OT: Hardware: Sanitizing A Dead SSD?
Anyone have any clues about how to sanitize a dead SSD? We haven’t had it yet, but we’re sure it’s coming. Esp. since I’m a federal contractor, a dead disk gets deGaussed, but what the hell do you do with a SSD?
Anyone have any clues about how to sanitize a dead SSD? We haven’t had it yet, but we’re sure it’s coming. Esp. since I’m a federal contractor, a dead disk gets deGaussed, but what the hell do you do with a SSD?
19 thoughts on - OT: Hardware: Sanitizing A Dead SSD?
Most places I know shred them, even if they are not dead.
A five pound ball-peen hammer. Or if you’re feeling adventurous, a few seconds in a microwave oven, but set it up outside, so as not to set off the smoke alarms.
A drive grinding machine would do, but those are less fun for just a single drive.
SSD disks must be shredded as the data has been written over multiple sectors many times to ‘even the writes’. This allows for even a ‘dead’

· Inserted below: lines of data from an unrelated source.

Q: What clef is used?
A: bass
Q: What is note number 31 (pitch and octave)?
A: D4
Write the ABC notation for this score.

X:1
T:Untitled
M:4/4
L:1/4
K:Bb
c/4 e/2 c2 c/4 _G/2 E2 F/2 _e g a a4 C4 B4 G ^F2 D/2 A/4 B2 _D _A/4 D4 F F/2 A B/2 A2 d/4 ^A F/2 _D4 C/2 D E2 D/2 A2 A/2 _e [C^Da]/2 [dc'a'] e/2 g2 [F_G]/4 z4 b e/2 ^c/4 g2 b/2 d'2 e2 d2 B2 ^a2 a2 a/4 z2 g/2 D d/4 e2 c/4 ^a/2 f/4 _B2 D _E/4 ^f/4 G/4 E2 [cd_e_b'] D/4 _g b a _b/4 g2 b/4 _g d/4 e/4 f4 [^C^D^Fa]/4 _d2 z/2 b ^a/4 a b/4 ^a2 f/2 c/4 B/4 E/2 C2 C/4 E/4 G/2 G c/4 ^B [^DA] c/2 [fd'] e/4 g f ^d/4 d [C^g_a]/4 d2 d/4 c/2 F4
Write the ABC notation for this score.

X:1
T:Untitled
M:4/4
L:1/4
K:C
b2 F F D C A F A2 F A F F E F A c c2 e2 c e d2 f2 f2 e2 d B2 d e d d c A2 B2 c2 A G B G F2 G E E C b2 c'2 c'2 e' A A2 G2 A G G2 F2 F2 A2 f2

disk to be disassembled with ‘off-the-shelf’ equipment to extract items from the dead places. Depending on the data involved, there may be different levels of shredding and destruction of shreds required.
If you don’t want to shred, use full-disk-encryption (laptop/pc).
In a server, shredding is probably the sanest option.
Do SSDs have an inbuilt destroy mechanism, like hard disks do ?
Like the others have mentioned, shredding is the best. Esp. since it is Federal. DoD spec only considers shredded destroyed afaik. SSD or not this was my normal practice for that same reason. HIH. Extreme is smelting the drive to molten but that is extremely sensitive data destruction.
Fred
What would someone use to do this? An industrial blender, circular saw …?
Am 2018-05-09 13:00, schrieb Leon Fauster:
Lot’s of specialized companies in that field.
Some of our customers require a protocol of destruction for disks, with serial numbers.
https://www.youtube.com/watch?v
Yes. Depending on the data type, the ‘dust’ at the other end may need to be ground through another machine so that all parts are less than some specified size ( I think it was below 0.5 cm x 0.5 cm x0.5cm.)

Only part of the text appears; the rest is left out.